[governance] ICANN stumbling on a hornet nest

Karl Auerbach karl at cavebear.com
Tue Sep 4 20:00:41 EDT 2012


On 09/04/2012 03:52 PM, Salanieta T. Tamanikaiwaimaro wrote:

>         At Large in itself is not an accountability mechanism ...
>
>
>     I would substantially differ with that assessment.  If ICANN is not
>     accountable to those for whose benefit it exists, i.e. the public
>     community of internet users, then to whom is it accountable, and how?
>
> If we use your rationale who then comprises of the public community of
> internet users?
>
>   There is space for anyone within the broad public community to engage
> whether they wish to opt and join the Non Commercial Stakeholders or At
> Large etc?

However, as you said, those are not accountability mechanisms.  They 
have no power to take compel ICANN.

We ought not to conflate accountability - which is a power to march 
before a third party and demand that ICANN do what it is obligated to do 
- from supplication, and have that third party coerce ICANN to comply.

>     As it currently stands the only person who clearly has the power to
>     hold ICANN accountable is the Attorney General of California, Kamala
>     Harris.
>
> and so does the AG of every other country if you really think about it.

Thinking about it... thinking about it ... thinking about it ... ;-)

I disagree.  There is a matter called "jurisdiction" and except perhaps 
for those rather few countries where ICANN has business offices it is 
unlikely that any country than the US, and within the US the State of 
California, would find that it has jurisdictional power over ICANN.

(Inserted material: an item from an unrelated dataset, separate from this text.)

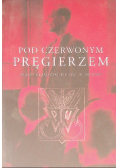 Pod czerwonym pręgierzem Proces krakowski WiN i PSL w 1947 roku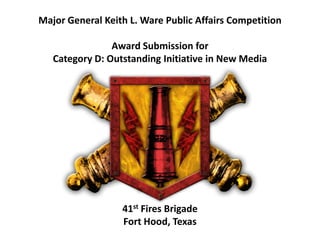 Major General Keith L. Ware Public Affairs Competition
Award Submission for
Category D: Outstanding Initiative in New Media

41st Fires Brigade
Fort Hood, Texas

As you allude there is the notion of jurisdiction based on contacts. 
However, I very much doubt that more than a handful, if any, national 
courts would find that TLDs form a basis for jursididiction.  And if 
they did it would most likely only be for matters pertaining to a 
particular TLD.

As for "cross constituencies" and "support organizations" - again that 
conflates the power to hold accountable with the power to make 
supplications.

Suppose that ICANN violates a law - as it did when it refused to let me, 
a sitting member of its Board of Directors, inspect its financial 
records.  There is no means that any ICANN constituency or support 
organization could retain redress.  Sure they could ask, but ICANN is 
free to ignore.

>     It strikes me that in these matters of internet governance that a
>     body of governance should be subject to a clear, unambiguous, and
>     viable chain of accountability to those for whose benefit that body
>     exists.
>
> It already does, last time I check and if it does not, then one can
> raise it formally through mechanisms provided for within the Bylaws.

Again you are conflating supplication with true accountability.

Suppose, for instance ICANN simply refuses to seat a liason or ALAC 
representative.  How are you going to force ICANN to meet its obligation 
to do so?

This is not a game of softball and hopes and wishes; this, as I 
mentioned last night, is a game of power politics.